A significant model of this search could be Peter Eisenman' study “Ten
canonical buildings 1950-2000”, where some important modern architecture
works are analytically "deconstructed" in order to restore the logics governing
their "construction". This type of cognitive operation is at the same time a
planning operation, since it "rebuilds" the invisible net of the conceptual order
sustaining the designed and possibly built work. Such operation is all the more
feasible because the architecture refers to a recognizable order principle. This
kind of inquiry method is carried out on some (realized) Palladio‟s villas and
on project of an ideal city by Serlio.
Keywords: CAAD, Proportions, Symmetry, Representation, Analysis, Model
1
General remarks
The workgroup is represented by Gian Piero Calza and Andrea Cammarata,
lecturers, Matteo Cattaneo and Andrea Torri, assistant lecturers, Ermanno Foresti,
Nicola Marinaro, Riccardo Nemeth and Alexandros Oikonomoy (Palladio) and
Ludovico de Sanctis, Filippo Galbiati, Emilio Lombardo, Elisa Sottotetti, Alexandru
Stoica (Serlio), senior students.
The Autodesk Revit Architecture and Graphisoft Archicad1 programs have been
used for these "redesign" and "reconstruction" tutorials of significant works in the
history of architecture.
Without analyzing the detailed differences between the various programs, we will
only describe their potential, especially with reference to the architectural elements
and compositive criteria of the treated works.

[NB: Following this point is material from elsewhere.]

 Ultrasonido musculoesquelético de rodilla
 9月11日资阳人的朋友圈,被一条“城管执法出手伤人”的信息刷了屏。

The choice of these programs as opposed to the available CAAD modelers is not
prearranged. The students in charge of realizing the models chose the programs to be
used, based on their capabilities and personal preferences. The lecturers requested to
use different programs, in order to make comparisons and face technical issues that
could allow to understand interaction, import and export processes.
1
The aim of this paper, or the authors' task, is not describing these programs and/or their
potential. We will restrict ourselves to describing the parts and the components that we
consider as worth stressing for understanding the work produced and the paper itself. Readers
who wish to deepen the subject can visit www.autodesk.com and www.graphisoft.com.
2
Historical framework
Facing the three-dimensional reconstruction of bygone historical architectures is an
interesting challenge both for professional researchers and designers and for those
who are closing their architecture training.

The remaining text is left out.